Others have spoken to the question of the age of consent. I note that there will be a review of it. The Minister mentioned that this would be within three years. Perhaps the Minister can outline in his response what the process is likely to be around that review. Different ages have been set across different EU states. I believe we will be in a position to look at best practice and what the consequences may have been, whether direct or inadvertent, of setting the age differently in different EU states. Perhaps the Minister could indicate the process of that review here and how we plan to draw on the experience elsewhere.
I want to address one thing that for me is far more significant than the question of the age of consent. The issue was originally highlighted by myself and Senator Ruane. It relates to the profiling of children and micro-targeting of children. I commend those in the Dáil who worked to ensure that amendments were inserted to address this issue. The phrasing proposed by Deputy Donnchadh Ó Laoghaire is reflected in amendment No. 24 and it is important. Amendment No. 24 states:
It shall be an offence under this Act for any company or corporate body to process the personal data of a child as defined by section 29 for the purposes of direct marketing, profiling or micro-targeting. Such an offence shall be punishable by an administrative fine under section 139.”.
I note amendment No. 28 is similar and reflects this view as well.
I was a little concerned when the Minister mentioned that there may be a delay in the commencement of certain provisions in the Act. I am keen to ensure we do not overly delay the commencement of the important amendments around micro-targeting and profiling of children. I believe they are positive amendments. They strengthen the Bill and represent good practice. They are compatible with the GDPR.
Article 22 of the GDPR addresses the question of automated decision making, that is, decision making that may be facilitated by profiling and micro-targeting. Article 6 also has relevance here. Crucially, the intention of the GDPR is made clear in the recitals. Recital 71 specifically says that automated decision making, including profiling that has significant effects, should not apply to children. Recital 38 states:
Children merit specific protection with regard to their personal data, as they may be less aware of the risks, consequences and safeguards concerned and their rights in relation to the processing of personal data. Such specific protection should, in particular, apply to the use of personal data of children for the purposes of marketing or creating personality or user profiles and the collection of personal data with regard to children when using services offered directly to a child.

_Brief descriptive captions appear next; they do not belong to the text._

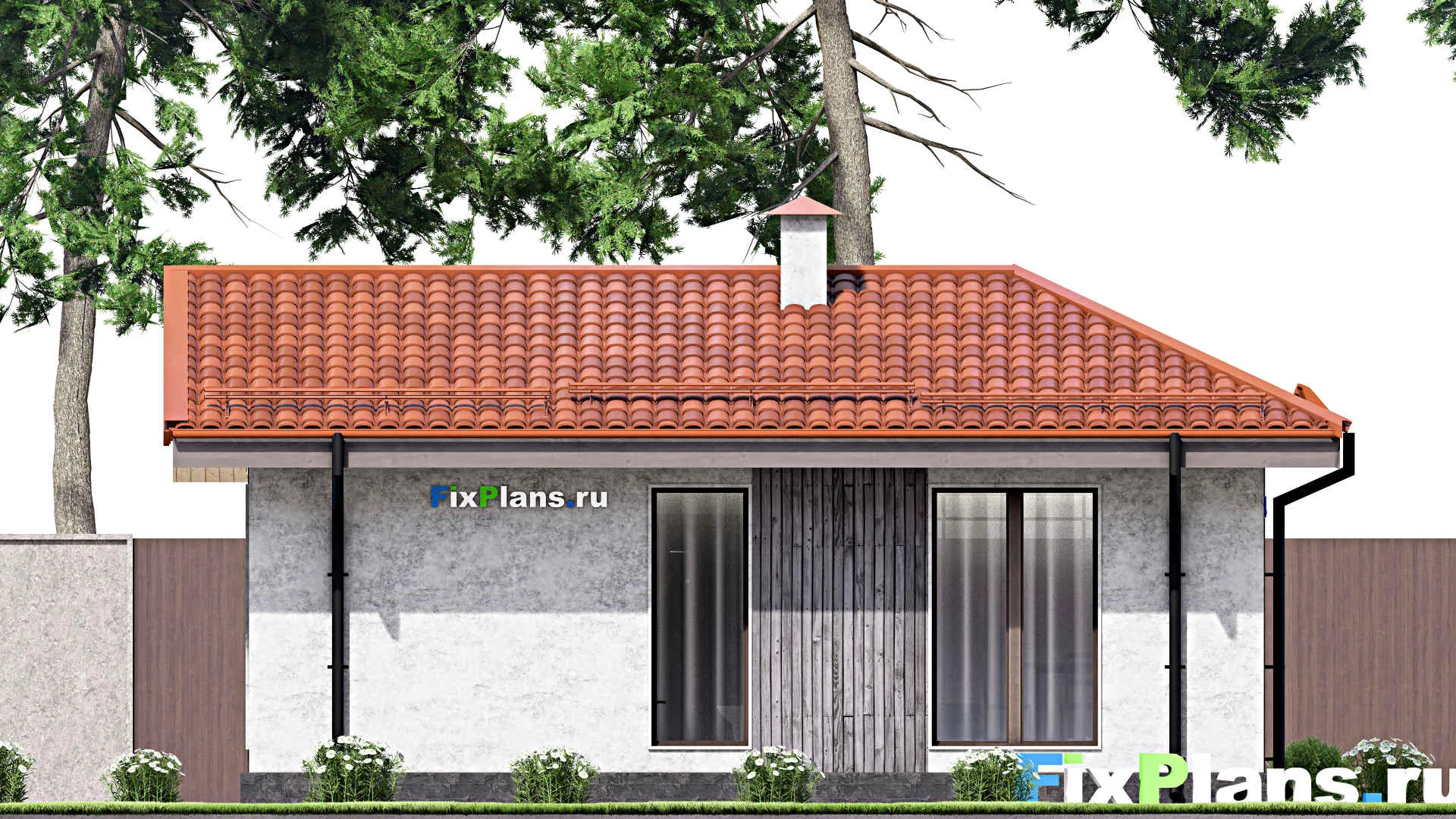 F-12959 - Проект одноэтажного дома 9 на 9, площадью 60 м² с террасой и 2 спальнями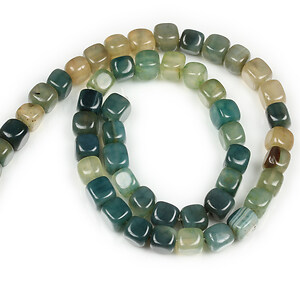 Margele agate cub 7-8x6,5-8mm (sirag) - verde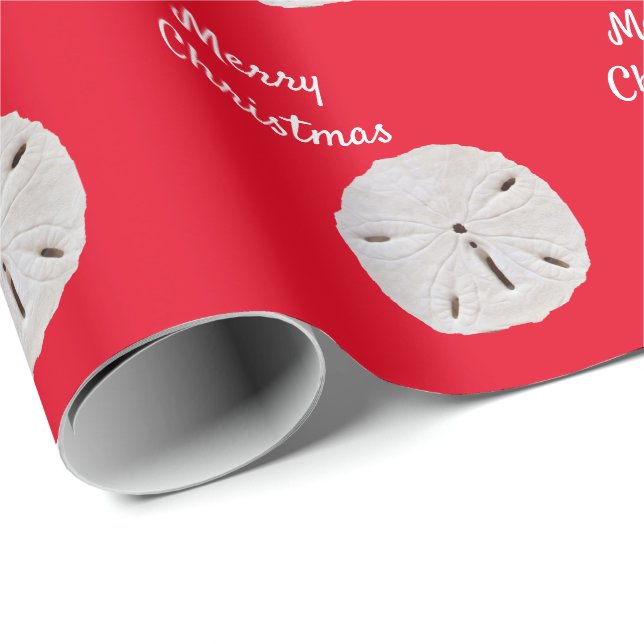 Sanddollar Pattern Red White Beach Merry Christmas Wrapping Paper (Roll Corner)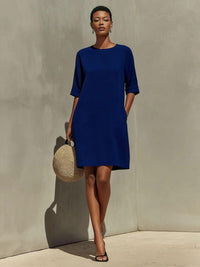 Round-neck Dress With Rolled-up Cuffs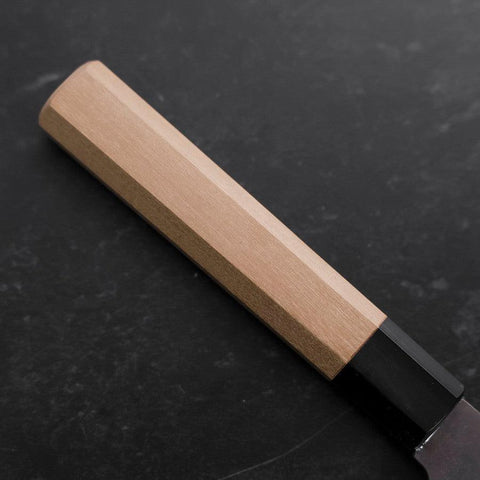 Gyuto Blue Steel #1 Kurouchi Stainless Clad Buffalo Magnolia Handle 210mm-[Musashi]-[Japanese-Kitchen-Knives]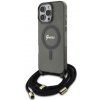 Guess IML Crossbody Cord Script MagSafe (GUHMP16LHCTSGNSK) puzdro pre - iPhone 16 Pro - Čierna
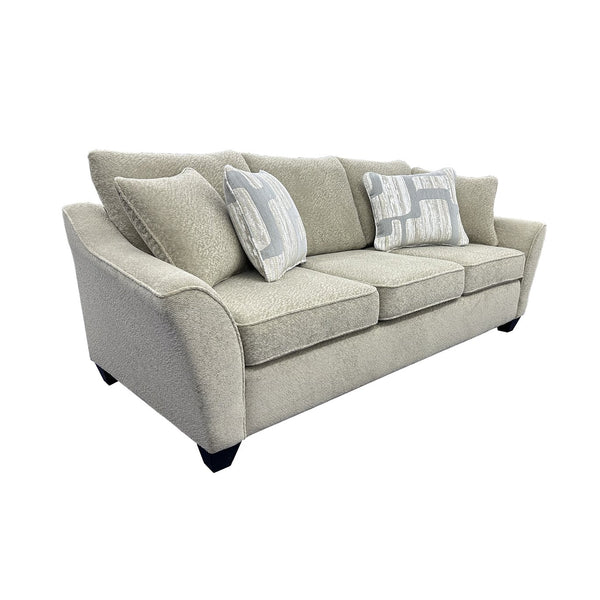 Porter Designs Porter Columbia Microfiber Sofa In Cream - Plush Comfort, Stylish Geometric Pillows & Modern Design Cream Fabric 01-207-01-9443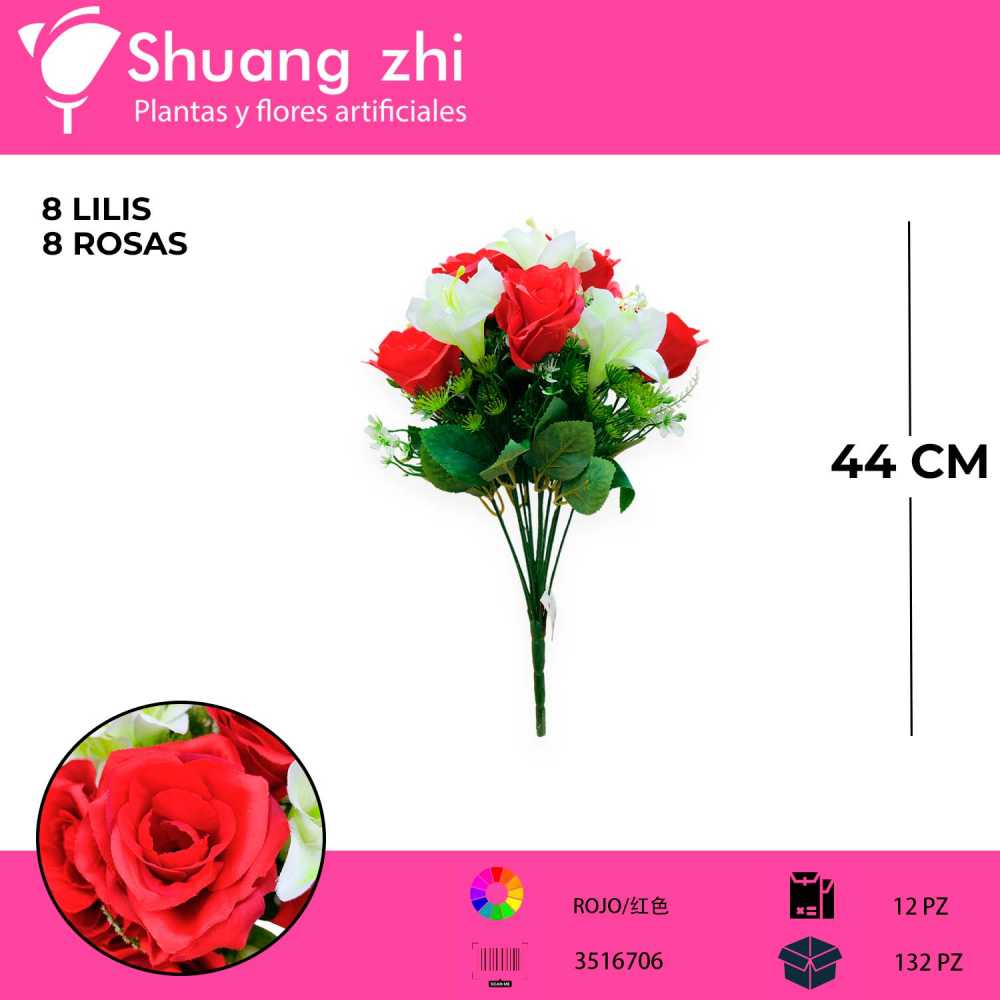 RAMO FLOR COMBINADO ROSA LILI  ROJO?1789511828
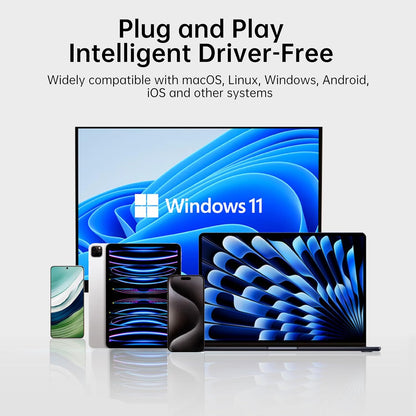 9-in-1 USB/USB C Hub Adapter for MacBook, iPhone,3 USB Ports (2xUSB 3.0, USB 2.0), 100M Ethernet, SD/TF Card Reader, 3.5mm Audio, 2X USB-C Data Ports,No Driver Required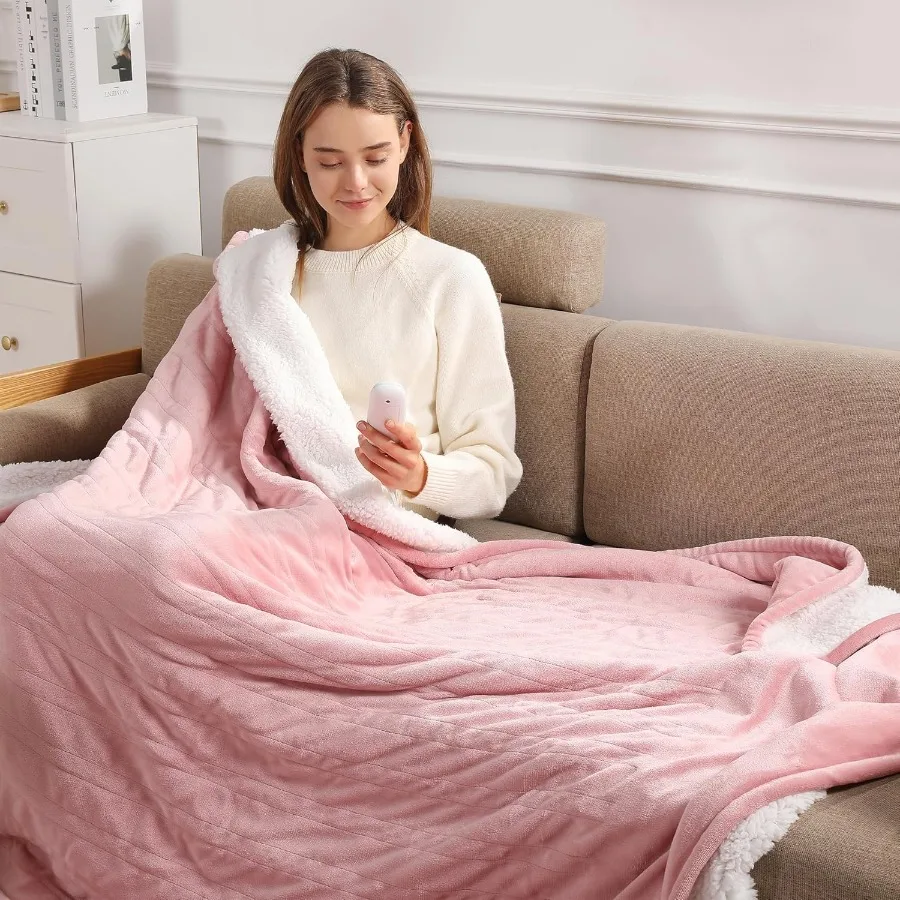 

Heating Blanket Heated Throw Blanket 50''X60'' - Electric Throw Pink Ultra Warm Fluffy Electric Blanket for Office with Adjusta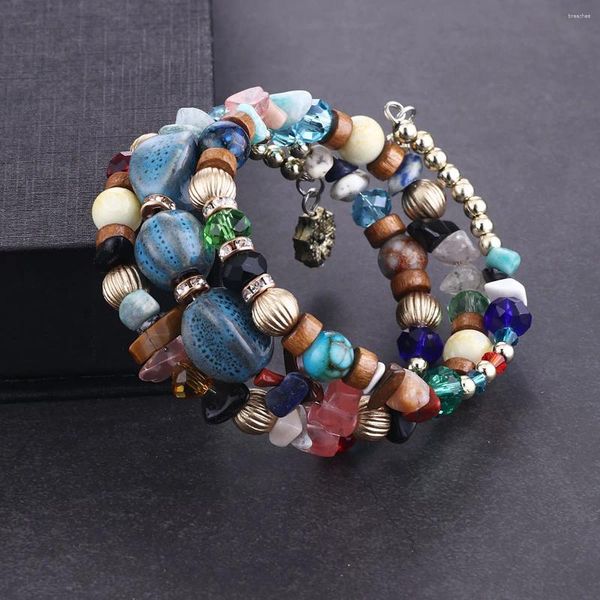Charme pulseiras de pedra natural encantos para mulheres senhoras multicamadas cristal de madeira abs frisado pulseira boêmio jóias presentes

The definition of a child in all these provisions is set out in section 29 and applies to a child of 18 years or under. None of the protections under the GDPR is in any way diluted by the age of consent or by the fact that a child may have given consent with regard to a service or participating online.
I believe these are excellent amendments. I believe they are absolutely in tune with the letter and interpretive recitals of the GDPR. I call on the Minister to assure me that there will be no undue delay in the commencement of these sections. I heard that and I want the matter clarified because I would be very concerned if that was the case.
This will make a real difference at a concrete level. This is the difference between a young person, whether 17 years or 13 years of age, being online and being subject to aggressive marketing. Examples include lip fillers being sent to 17 year olds or young people having messages targeted at them that may play on the particular vulnerabilities or insecurities of young people. The same applies to exploitative marketing. I call on the Minister to outline the plan for commencing the provisions.
My final point on the section relates to the code of conduct. I welcome and recognise the importance of the code of conduct that the Minister has indicated will be introduced in respect of the protection of children. Will the Minister indicate specifically with regard to the question of age verification that arises in these situations, whether for those aged 13 years or those aged 16 years, if there are proper guidelines around the age verification process? The idea is to avoid a situation whereby national identification papers, data that is effectively or potentially linked to the public service identity set or biometric data are not inappropriately sought, kept or stored by private companies. I am not asking the Minister to tease out all of this today. However, he might indicate if he believes that within the code of conduct there will be scope to ensure we have process to ensure we do not have inappropriate leakage of public or State data. The same applies to data of individuals that is shared with the State. It should not be overly captured by private company actors.